Understanding the context window isn't optional for building systems that work. It's the starting point.

What Actually Happens in the Window

When you send a prompt to a language model, you're providing a sequence of tokens that the model uses to predict what comes next. The context window is the maximum number of tokens the model can process in a single forward pass.

Think of it as a stage. Everything the model "sees" must be on stage simultaneously. If the critical information is backstage, it doesn't exist for that prediction.

The window gets populated by:

System instructions: The rules and guidelines that shape behavior. These typically get placed at the beginning and stay fixed.

Conversation history: Previous turns of the interaction. In long conversations, this grows until it must be trimmed or summarized.

Retrieved content: Documents, code files, search results pulled in to inform the response. This is where retrieval-augmented generation lives.

Tool outputs: Results from function calls--API responses, file contents, execution results.

Current input: The immediate request being processed.

Every token in the window costs attention.

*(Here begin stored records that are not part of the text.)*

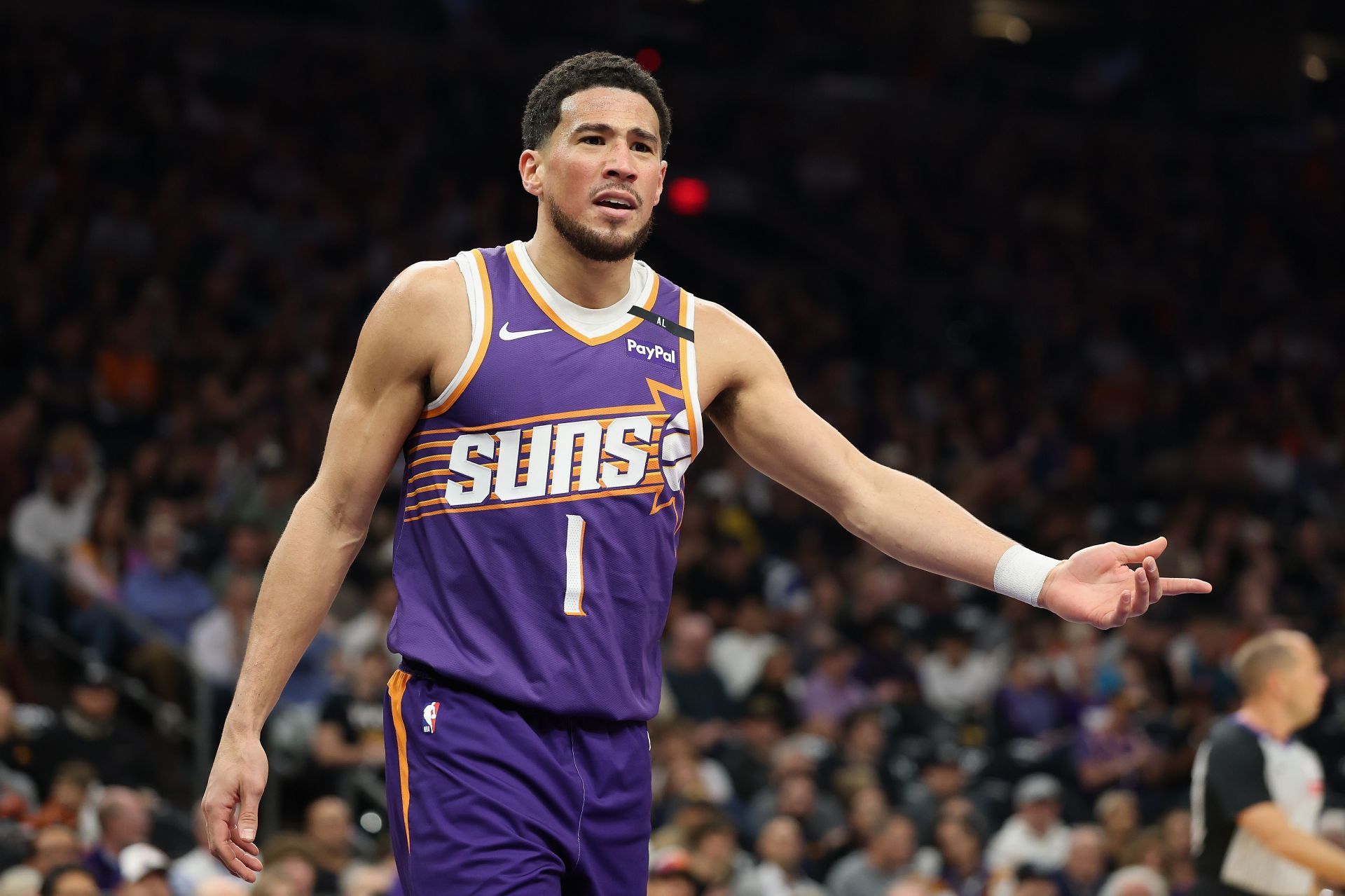 New Orleans Pelicans v Phoenix Suns - Source: Getty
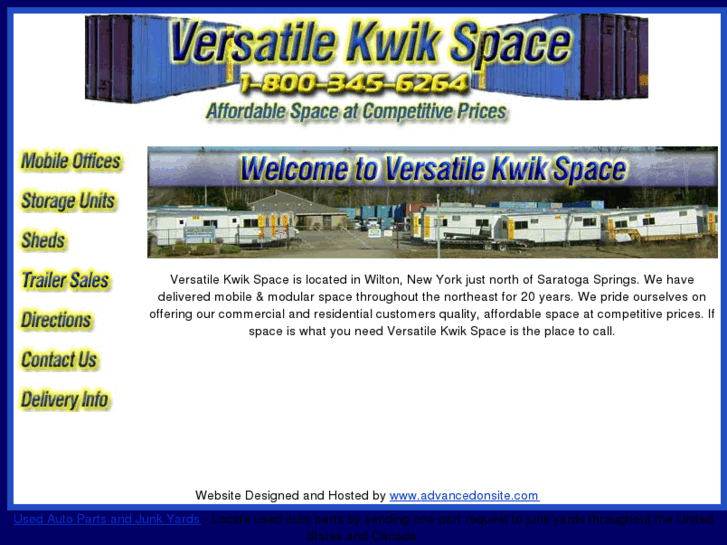 www.versatilekwikspace.com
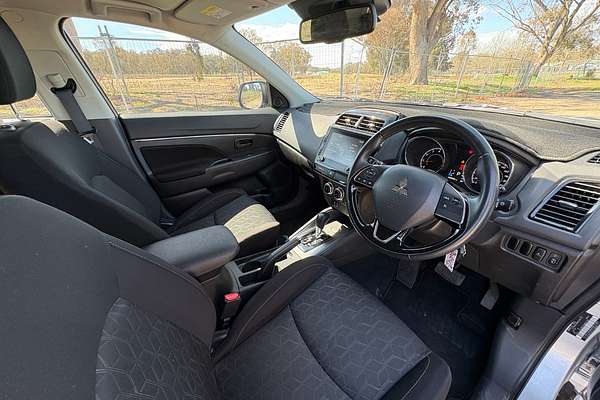 2020 Mitsubishi ASX ES XD
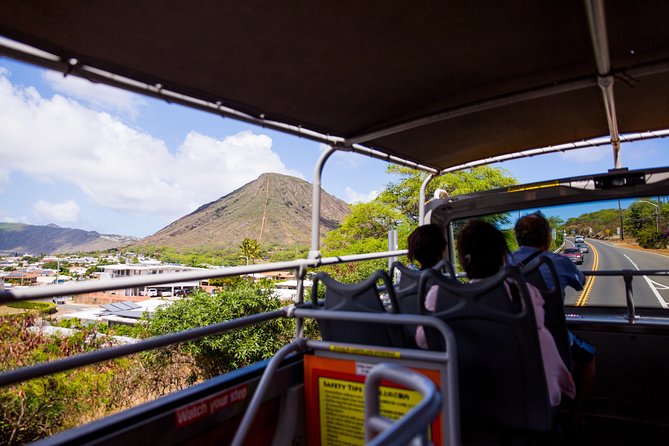 Waikiki Trolley Hop-On Hop-Off Tour of Honolulu - Booking Process and Details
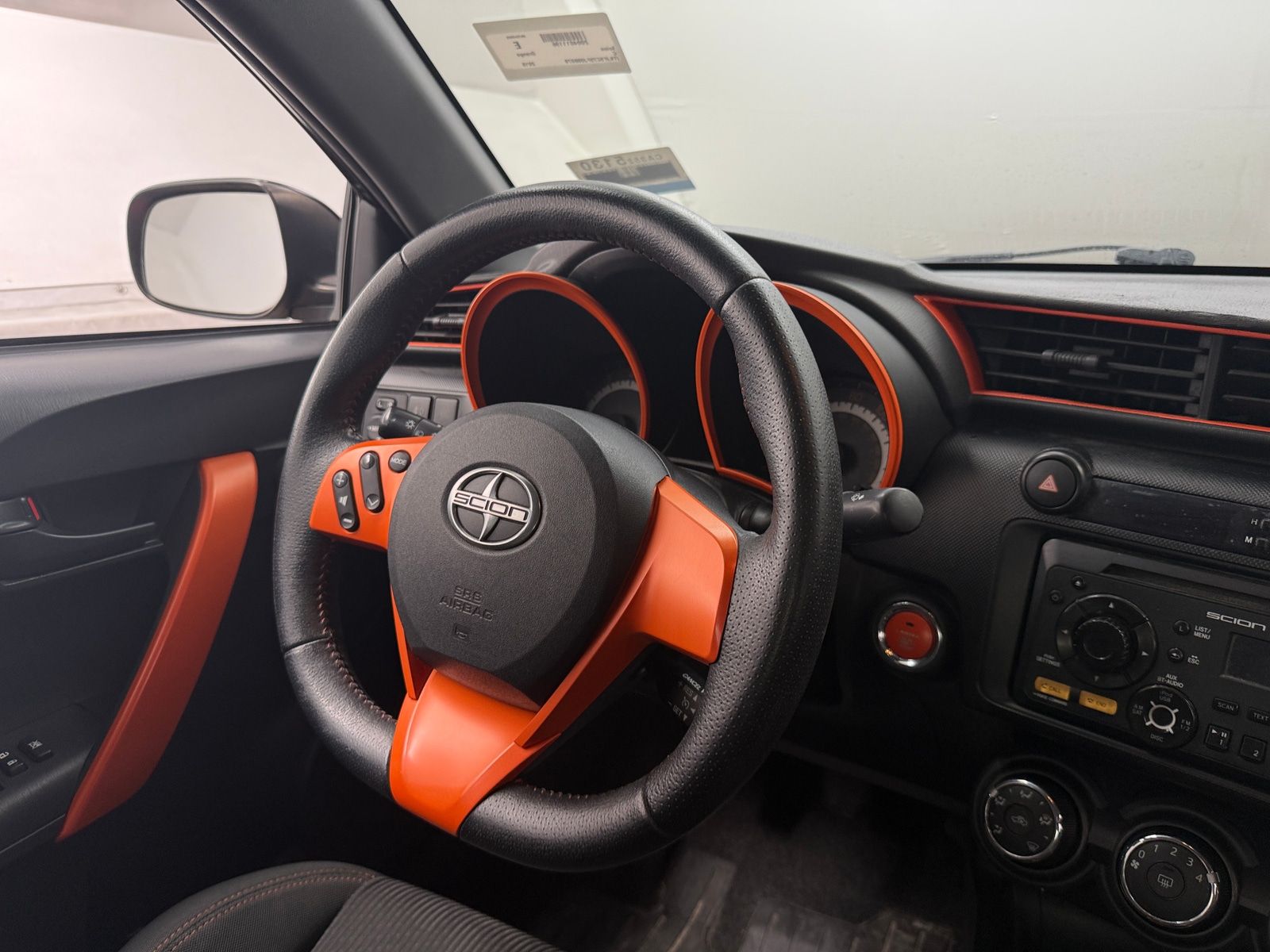 Thumbnail: 2015 Scion tC - 4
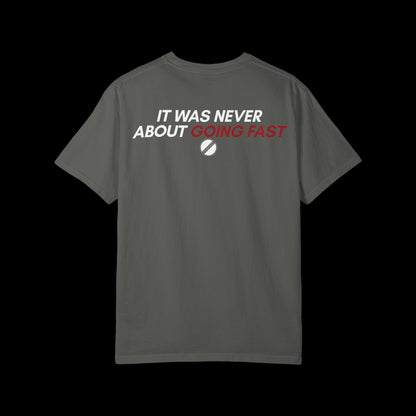 Going Fast Heavyweight Tee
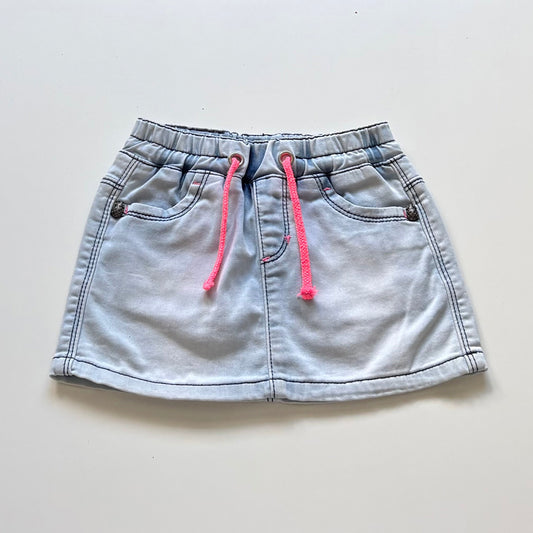 Jupe en denim 3 Pommes | 2-3 ans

The model distributes its processing capacity across everything present. More tokens means less attention per token. Critical instructions can get diluted when competing with verbose retrieved documents.

The Attention Distribution Problem

Not all positions in the context window are equal. Research consistently shows that information at the beginning and end of long contexts gets more reliable attention than information in the middle.

This "lost in the middle" phenomenon isn't a bug to be fixed--it's a property of how attention mechanisms work. The model processes tokens through layers of self-attention, and certain positional patterns lead to certain tokens getting more or less processing.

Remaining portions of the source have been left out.